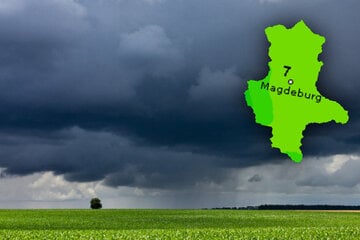 Starker Wind und dunkle Wolken: In Sachsen-Anhalt wird es ungemütlich!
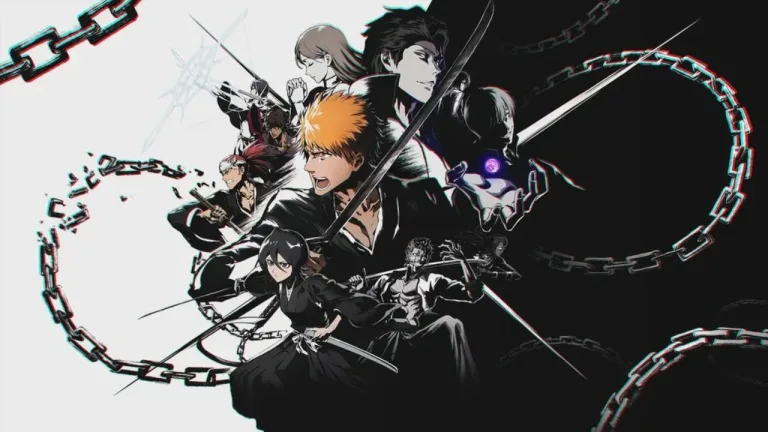 Tudo o que sabemos sobre BLEACH: Rebirth of Souls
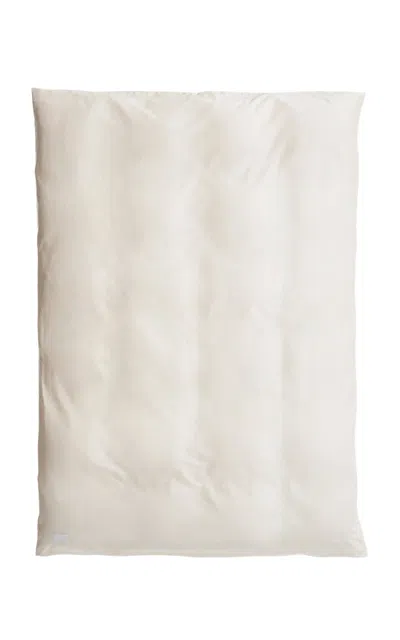 Magniberg Pure Pima Cotton Queen Duvet Cover In White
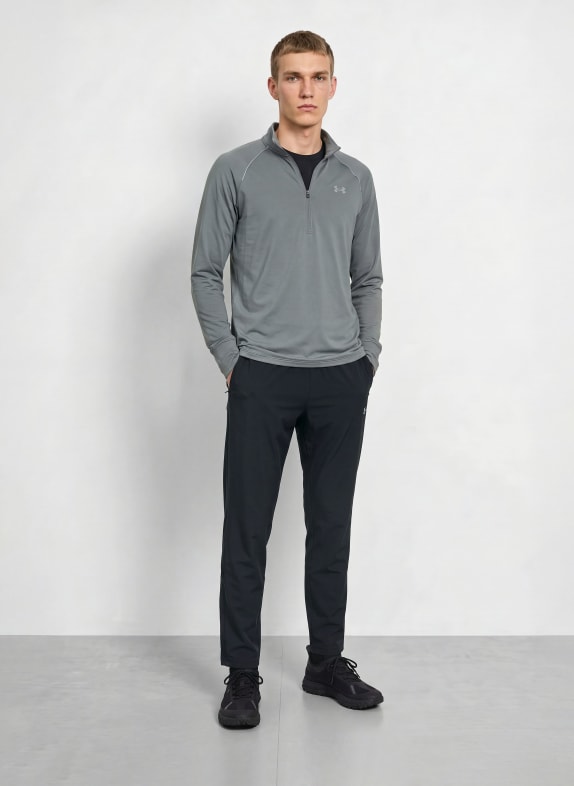 UNDER ARMOUR Hardloopbroek UA VELOCITI STORM ZWART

[What to work on]: Each line from the one that holds "Tudo o que sabemos" through the end of the material should be repeated exactly, and nothing more. Leave out any picture.

[Finished exercise]:
 Tudo o que sabemos sobre BLEACH: Rebirth of Souls
 Magniberg Pure Pima Cotton Queen Duvet Cover In White
 UNDER ARMOUR Hardloopbroek UA VELOCITI STORM ZWART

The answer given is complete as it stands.